▸ Action item
Return the full listing character for character, without its pictures.

▸ Collected material
::::::
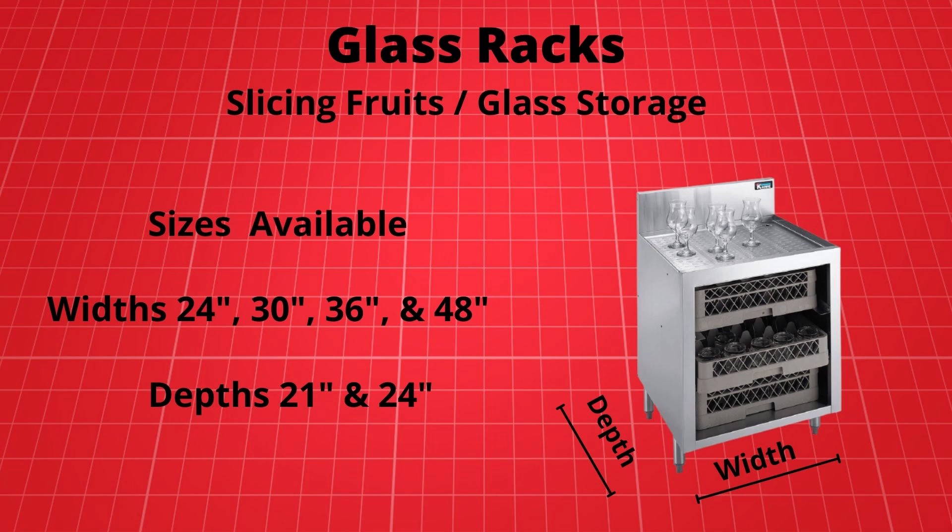Another option would be a glass rack. Glass racks are available in a variety of widths including 24, 30, 36 inch, and 48 inch wide, and in 21 or 24 inch deep units. Glass racks offer the same stainless steel embossed top and drain, but feature glass rack storage in the base. So, to maximize our space and add additional storage, we would select the 24 inch by 21 inch deep glass rack for our opening on both sides.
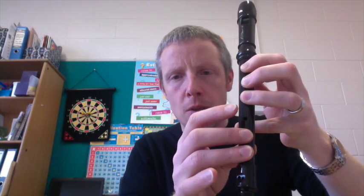F sharp, which is three fingers, one up, two down, and the last one up as well — so that's F sharp. Then we have E, and we will also have B and C.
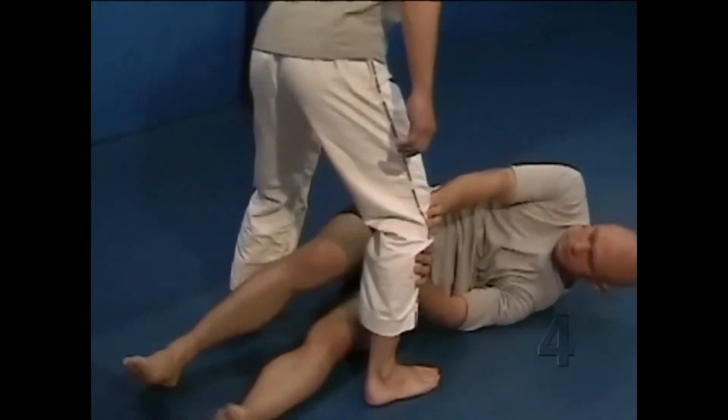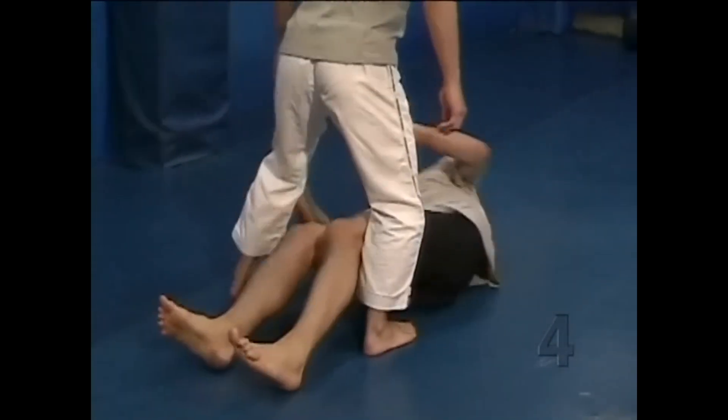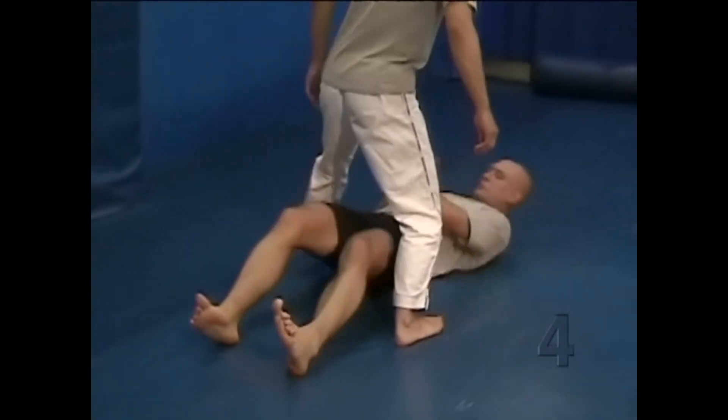This is a useful drill to occasionally practice, because it teaches you how to use your arms in conjunction with your hips.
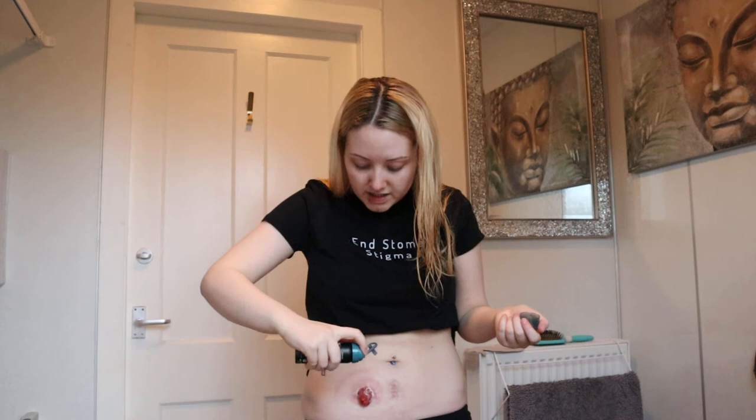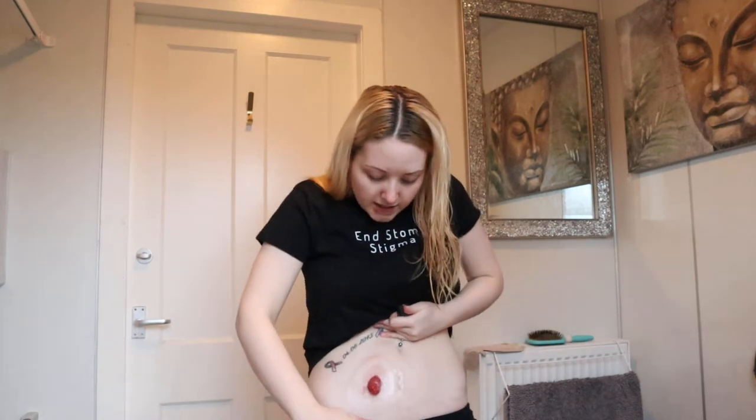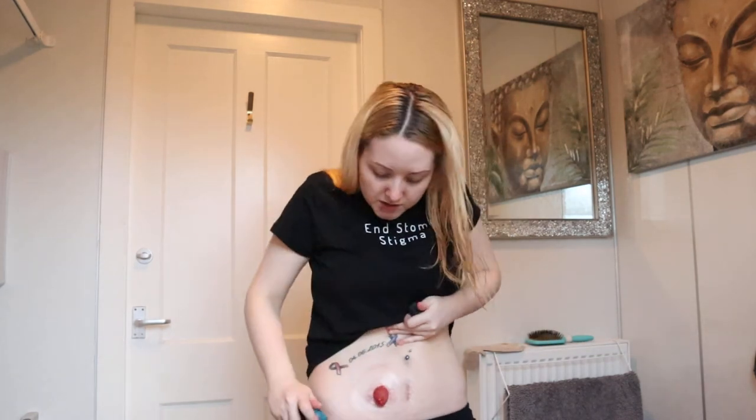And then next I'm going to go in again with my skin barrier spray. This is what's called the crusting effect. It enables the powder to still work but also protects your skin at the same time. When you put the skin barrier spray on top, it seals it so it has a chance to absorb all the moisture. It also helps your bag stick and prevents it from peeling off. So you just go in over all those areas that you've just dusted with the powder, and let that dry for a minute.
::::::
▸ Output below
Another option would be a glass rack. Glass racks are available in a variety of widths including 24, 30, 36 inch, and 48 inch wide, and in 21 or 24 inch deep units. Glass racks offer the same stainless steel embossed top and drain, but feature glass rack storage in the base. So, to maximize our space and add additional storage, we would select the 24 inch by 21 inch deep glass rack for our opening on both sides.
F sharp, which is three fingers, one up, two down, and the last one up as well — so that's F sharp. Then we have E, and we will also have B and C.
This is a useful drill to occasionally practice, because it teaches you how to use your arms in conjunction with your hips.
And then next I'm going to go in again with my skin barrier spray. This is what's called the crusting effect. It enables the powder to still work but also protects your skin at the same time. When you put the skin barrier spray on top, it seals it so it has a chance to absorb all the moisture. It also helps your bag stick and prevents it from peeling off. So you just go in over all those areas that you've just dusted with the powder, and let that dry for a minute.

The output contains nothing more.